明かりは付けない。極力外に出ない。人がいることがバレてはいけないから物音も立てない生活だ。
外に出るのは一人で。深夜にコンビニに買い出しに行く。それ以外は空き家から一切動かない。
ある程度は話しても問題ないが、騒いだりはできないので本を読んだりネットをしたりして時間を潰した。
でもどんな時でも次の計画はいつなんだろうと思ったが最後、落ち着かなくなる。
時間が経つ毎にじわじわと妙な焦りが生まれてきた。
ストレスを解消しようにも外に出られない。僕らは追われている身だから出て捕まりでもすれば次の計画が進められなかった。

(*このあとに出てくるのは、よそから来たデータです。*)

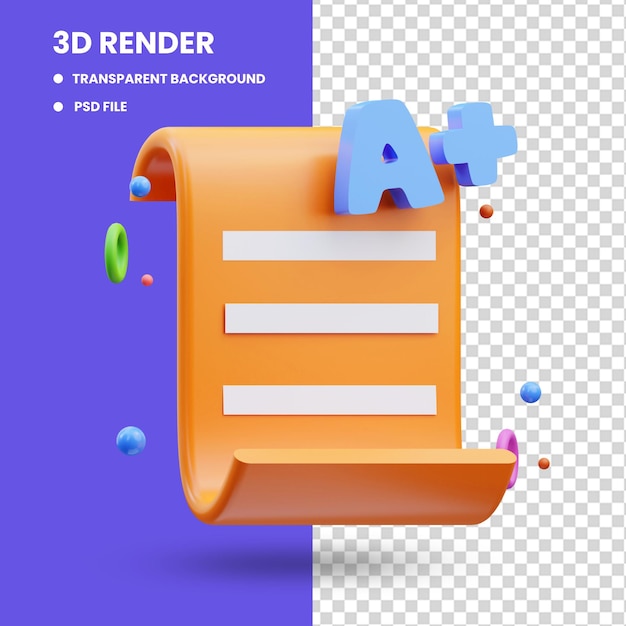 3d renderização da ilustração do ícone de papel dos resultados do exame com uma nota, de volta à escola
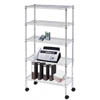 Mobile Commercial Chrome Wire Shelving - 5 Tier, 36"W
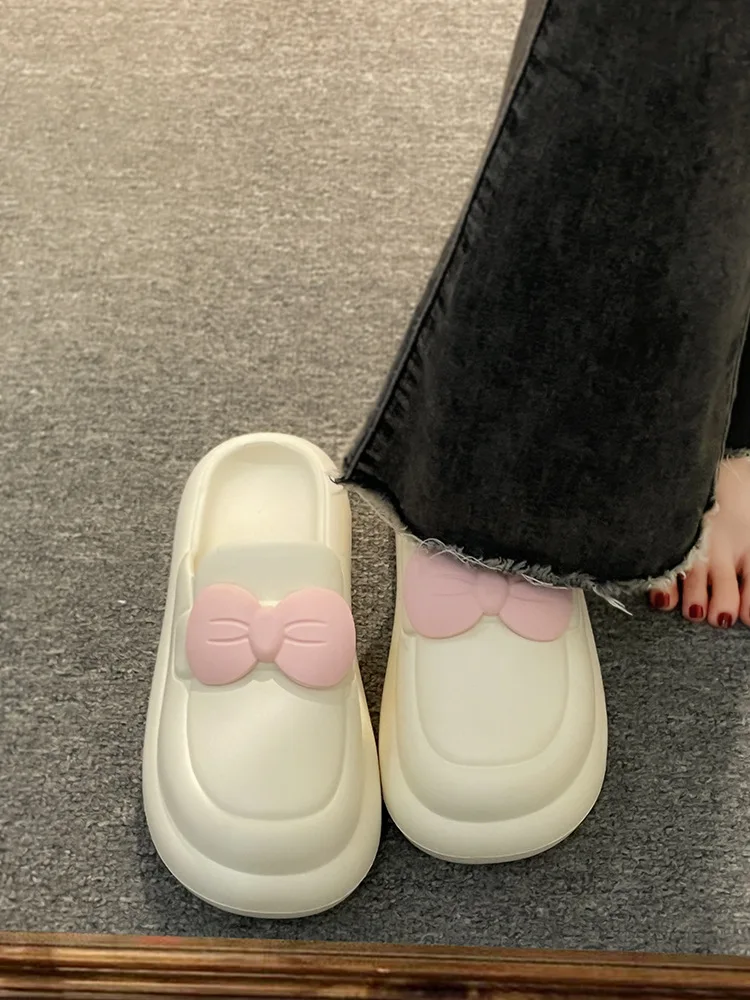 

Home Slippers Women's Med Cover Toe Shoes Slides Pantofle Fashion Butterfly-Knot Massage Flat 2023 Luxury Rome PU Fabric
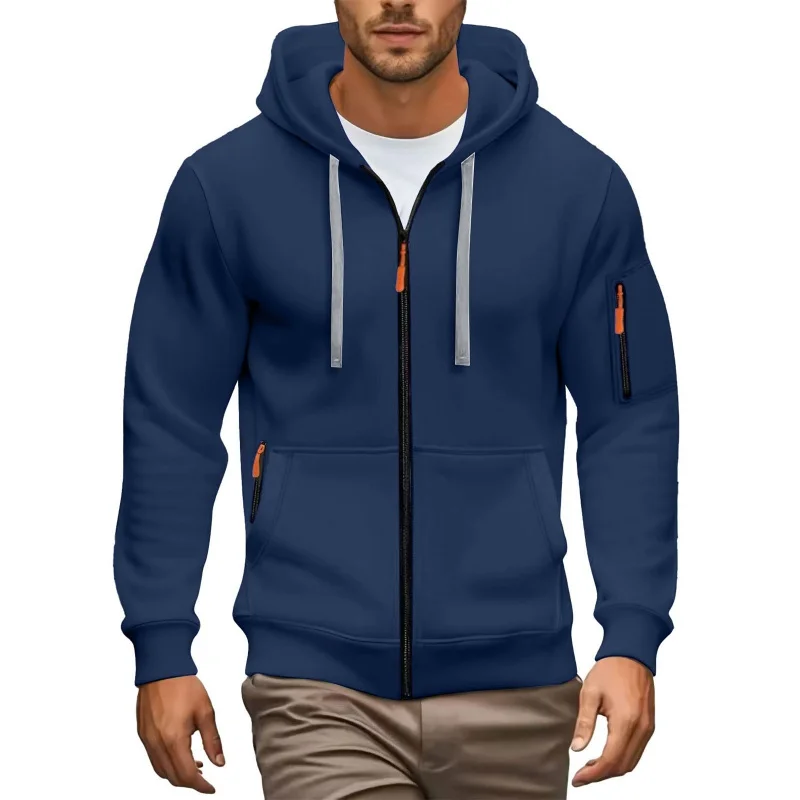 Hoodie Men Full Zip Long Sleeve Hooded Sweatshirt Multi Zipper Pockets Drawstring Casual Daily Outdoor Sports Jacket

それどころか石丸さんの顔はバレている。もし目撃者がいれば今すぐにでも警察がここに来る可能性だってあるんだ。
もしそうなったらどうなるんだろうか?
今までずっと考えないようにしていたことが頭をもたげた。
無敵。その言葉に今まで僕は守られてきた。
でもそれは死と引き替えにしたものだ。死を受け入れたから得られるものだ。
なにがあっても受け入れる覚悟があったはずなのに、日が経つ毎にそれは消えていく。
ネットの一部で無敵同盟は賞賛されている。こんなこと僕の人生で初めてだ。なにかをやって褒められたことなんてなにもなかった。
捕まれば認められていたものを全て失う気がした。きっと応援していた奴らは手のひらを返して笑いものにするだろう。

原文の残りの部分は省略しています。